The beasts were in front of me like cliffs, just as they are today, but as the monsters devoured me the usual roar of the two engines on Mainland Air’s PA-31 Chieftain was nothing compared to the deafening noise of hail smashing and crashing into the windscreen. He had said to me “If you can fly in this, you can fly in anything.” I knew this was my test. The autopilot was struggling to hold us on course – I could see the course bar moving left, then right, the wind veering and backing as the beasts digested us.

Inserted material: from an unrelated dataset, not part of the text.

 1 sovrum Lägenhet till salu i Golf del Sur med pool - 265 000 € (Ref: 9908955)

He sat beside me. He, the man with 13,000 hours of flying time, sat in silence and gazed outside into the infinite abyss of white. He looked like a man staring out the window of his car on a leisurely Sunday afternoon drive. His tranquillity unnerved me somewhat. This was short-lived as I came back to the harsh reality that in little over ten minutes I would be starting my approach into Invercargill. The distance between us and Invercargill rapidly reduced. Before I knew it the distance measuring equipment or DME ticked over 40 nautical miles. This meant it was time to call Invercargill tower.
I knew that the weather in Invercargill would have changed dramatically since the 7.00 forecast I had been handed that morning. The cold front coming in from the south would have turned the light and variable wind to a howling, squally 40-knot southerly, the clear skies to black, and the dry runway to a two-kilometre stretch of asphalt that would resemble the Oreti River.

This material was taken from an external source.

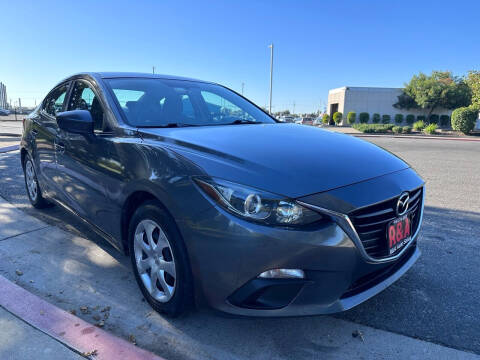 2015 Mazda MAZDA3 for sale at R&A Auto Sales, inc. in Sacramento CA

My mouth went dry when I called Invercargill. They confirmed everything that I had thought, and told me that the cloud base was 700 feet. This meant that the beasts would probably spit us out over Queens Park.
I set my altitude-hold to 2000 feet and engaged it. We left our altitude of 6000 feet and started a 500-foot per minute descent into the grey nothingness that now surrounded us. The beasts threw us around like a child’s play toy.

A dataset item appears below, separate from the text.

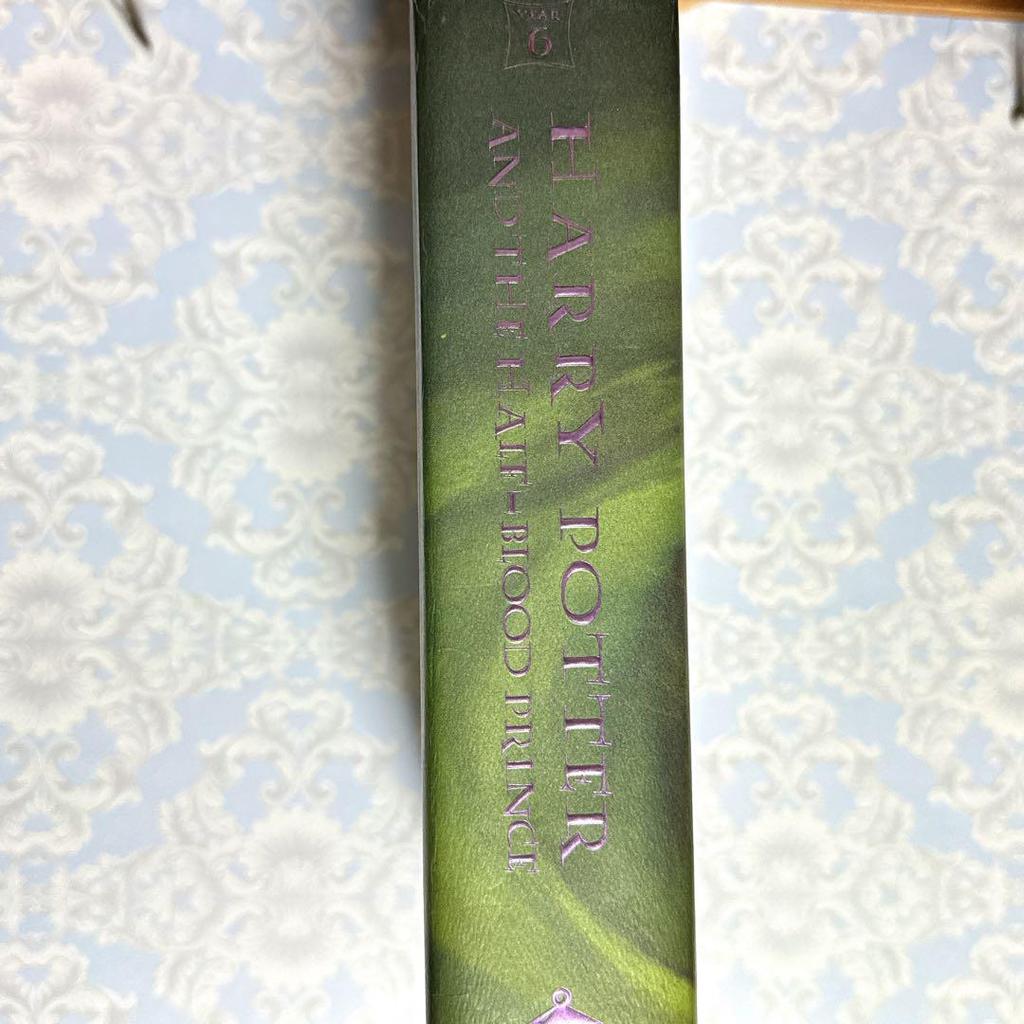 [USED] Harry Potter and the Half-Blood Prince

At fifteen nautical miles from Invercargill he handed me my approach chart. I set my course indicator to the inbound track and began to intercept it. The palms of my hands, now ponds of sweat, restricted me from gaining any satisfactory grip on the control column. Still we were a box in a sea of white, unable to see anything except the refraction against the clouds of the light from the landing lights. “Five miles two thousand feet, looking good,” called the man who sat in the right-hand seat.
“Four miles, one thousand six hundred feet, fifty high on profile.”
“Three miles, one thousand two hundred, dead on profile.”
“Two miles, eight hundred, looking …”
He stopped talking as the beasts spat us out like a child spitting out its first taste of a vegetable. Even though we were still slipping and skidding across the sky, the sight of the red warehouse roof, cars crawling the city streets, and best of all, the threshold of Runway 22 – four lights on the left hand side, two red, two white – was one that took an immense weight off my shoulders. He turned to me and, with a smile in his eye, said “Bloody Perfect!”
Turning to look at my first-officer I realized that the man in the right-hand seat was now me. I was the man that I had looked up to when I was in his shoes. I knew all he was thinking about were the clouds like cliffs that loomed in front of him. Should give him a word of encouragement, I thought. But instead, I turned my head to fix my eyes outside the cockpit, and settled into Sunday afternoon drive position.